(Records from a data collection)
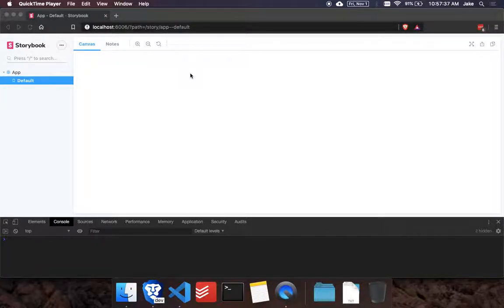Hey, what's up guys? Today's going to be a quick video on how to use Storybook with Angular and also set up routing in a story.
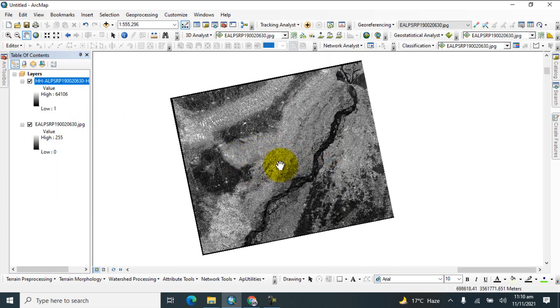We have downloaded this data. I hope you will learn how to download high resolution data from the Alaska website. Thank you.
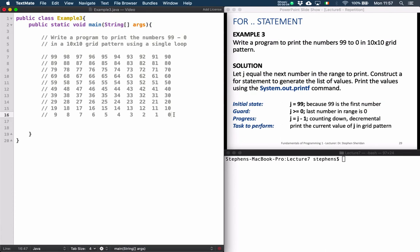In this video we're going to cover a solution that will solve the problem: write a program to print the numbers 99 to 0 in a 10 by 10 grid pattern, and we'll only use a single loop to solve this problem.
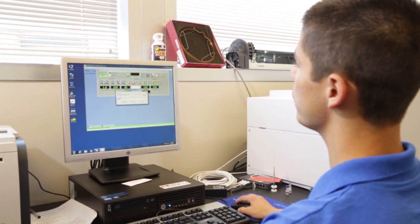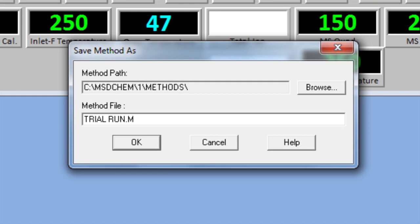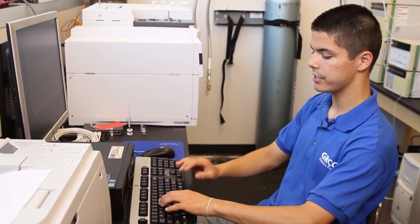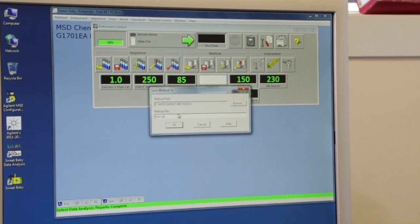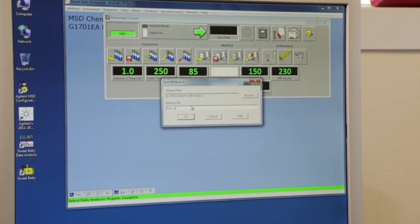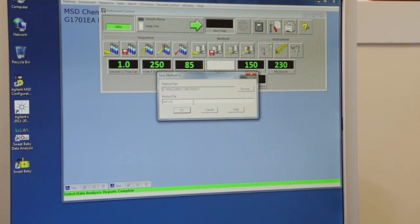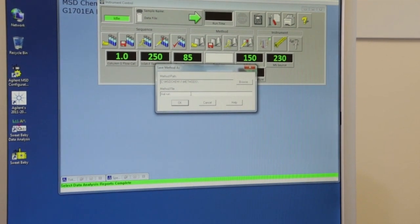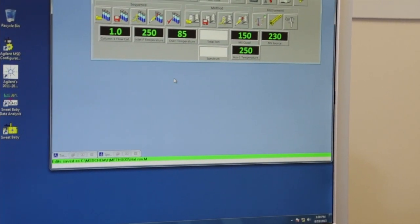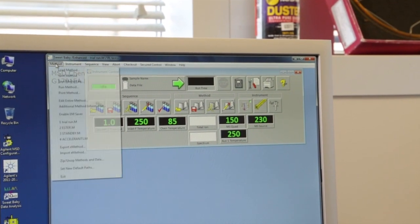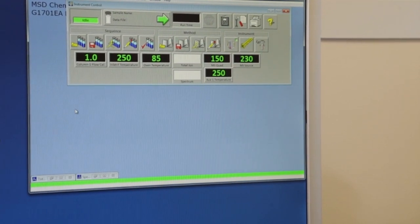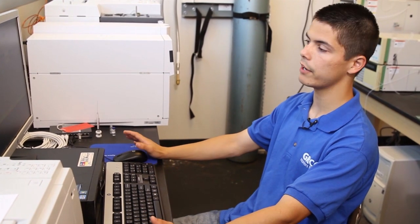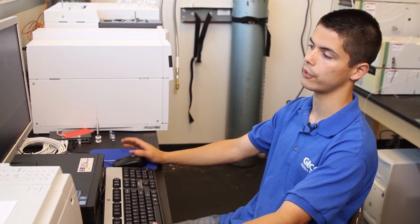You'll be prompted to give your method a name — I'll name it 'trial run.' Whenever you try to use this method again, that'll be the name it's under, so try to make a detailed name so you know exactly what the run is meant for. Hit OK and you've just created your method. Whenever you want to run a sample, you just load that method and you don't have to set up a new one again.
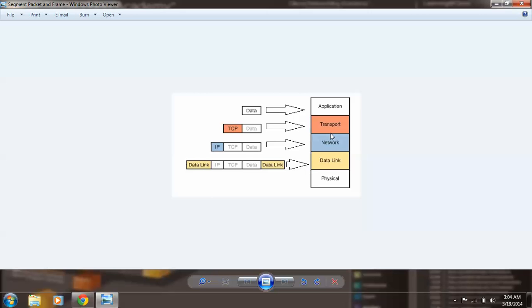Okay, so let's start with the data that travels on the application layer. It doesn't have headers.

* PROBLEM TO SOLVE
Retype all the data exactly. Omit pictures.

* SOLUTION
Hey, what's up guys? Today's going to be a quick video on how to use Storybook with Angular and also set up routing in a story.
We have downloaded this data. I hope you will learn how to download high resolution data from the Alaska website. Thank you.
In this video we're going to cover a solution that will solve the problem: write a program to print the numbers 99 to 0 in a 10 by 10 grid pattern, and we'll only use a single loop to solve this problem.
You'll be prompted to give your method a name — I'll name it 'trial run.' Whenever you try to use this method again, that'll be the name it's under, so try to make a detailed name so you know exactly what the run is meant for. Hit OK and you've just created your method. Whenever you want to run a sample, you just load that method and you don't have to set up a new one again.
Okay, so let's start with the data that travels on the application layer. It doesn't have headers.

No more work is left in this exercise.